Atomic resolution imaging of oxygen atoms close to heavy atoms by HRTEM and ED, using the superconductor SmFeAsO0.85F0.15 as an example

• Light atoms O, adjacent to relative heavier atoms Sm at a very close distance (1.17 Å) in superconductor SmFeAsO0.85F0.15 are revealed by a novel approach.
• This approach includes deconvolution processing, phase extension and electron-diffraction intensity correction.
• The effect of contrast transfer function is corrected by image deconvolution.
• A structure projection of SmFeAsO0.85F0.15 is restored by combining the corrected electron diffraction data.
• We demonstrate imaging of O atoms adjacent to the heavier atoms at a very close distance (1.17 Å) by this approach.

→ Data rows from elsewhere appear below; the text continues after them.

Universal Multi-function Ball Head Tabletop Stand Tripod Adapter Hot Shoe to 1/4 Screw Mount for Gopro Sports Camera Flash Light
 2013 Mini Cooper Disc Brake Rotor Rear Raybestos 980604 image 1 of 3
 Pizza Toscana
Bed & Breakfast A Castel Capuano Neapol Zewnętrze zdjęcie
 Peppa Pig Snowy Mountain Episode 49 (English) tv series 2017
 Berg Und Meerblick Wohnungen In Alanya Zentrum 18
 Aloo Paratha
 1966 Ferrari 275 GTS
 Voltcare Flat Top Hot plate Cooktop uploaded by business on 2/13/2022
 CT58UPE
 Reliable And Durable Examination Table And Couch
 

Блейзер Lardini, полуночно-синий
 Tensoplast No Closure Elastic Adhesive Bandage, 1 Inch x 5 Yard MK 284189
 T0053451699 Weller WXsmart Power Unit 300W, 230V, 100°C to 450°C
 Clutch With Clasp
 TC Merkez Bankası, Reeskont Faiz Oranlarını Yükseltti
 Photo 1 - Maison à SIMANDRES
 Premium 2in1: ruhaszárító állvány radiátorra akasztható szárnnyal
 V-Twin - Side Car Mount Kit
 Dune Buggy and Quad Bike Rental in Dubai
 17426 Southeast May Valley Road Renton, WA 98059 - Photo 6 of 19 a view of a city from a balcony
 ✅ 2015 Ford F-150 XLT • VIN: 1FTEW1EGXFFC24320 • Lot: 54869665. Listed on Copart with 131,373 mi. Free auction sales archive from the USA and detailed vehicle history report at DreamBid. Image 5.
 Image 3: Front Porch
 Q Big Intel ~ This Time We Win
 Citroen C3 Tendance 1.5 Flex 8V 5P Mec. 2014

Imaging of light atoms has always been a challenge in high-resolution electron microscopy. Image resolution is mainly limited by lens aberrations, especially the spherical aberration of the objective lens. Image deconvolution could correct for the image distortion by lens aberrations and restore the structure projection, the resolution of which is limited by the information limit of the microscope. Electron diffraction unrestricted by lens aberrations could overcome this resolution limit. Here we show a combination of electron diffraction and image deconvolution to reveal simultaneously the atomic columns of O and considerably heavier Sm at a very close distance (1.17 Å) in iron-based superconductor SmFeAsO0.85F0.15 using a conventional 200 kV electron microscope. The approach used here, starting from an image and an electron diffraction pattern, has an advantage for those radiation-sensitive samples. Besides, it can be applied to simultaneously imaging light and heavy atoms, even though they have a big difference in atomic number and a much smaller atomic distance than the microscope resolution.